Data block:
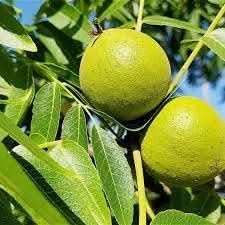 Juglans hindsii fruit seeds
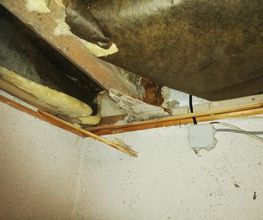 TCL 43 image 3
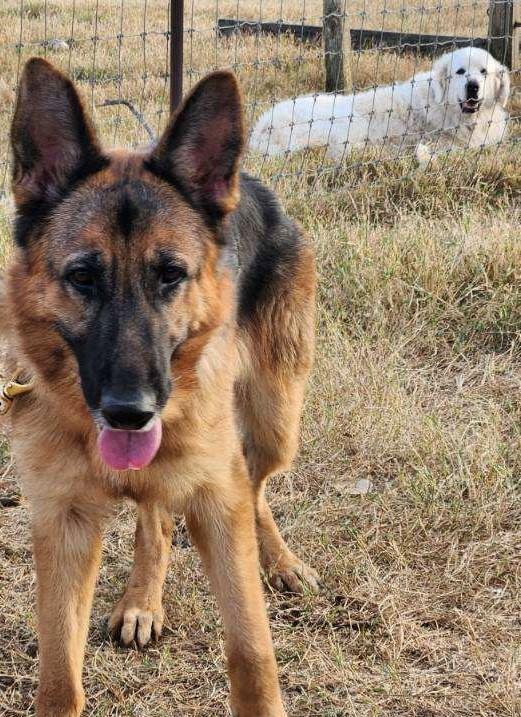Lila, a Adoptable German Shepherd Dog in Dale, TX image 4/4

Your assignment:
Pictures are to be dropped, and the lines from the line with "TCL 43 image 3" through the end of the material above are to be reproduced exactly.

Solved problem:
 TCL 43 image 3
Lila, a Adoptable German Shepherd Dog in Dale, TX image 4/4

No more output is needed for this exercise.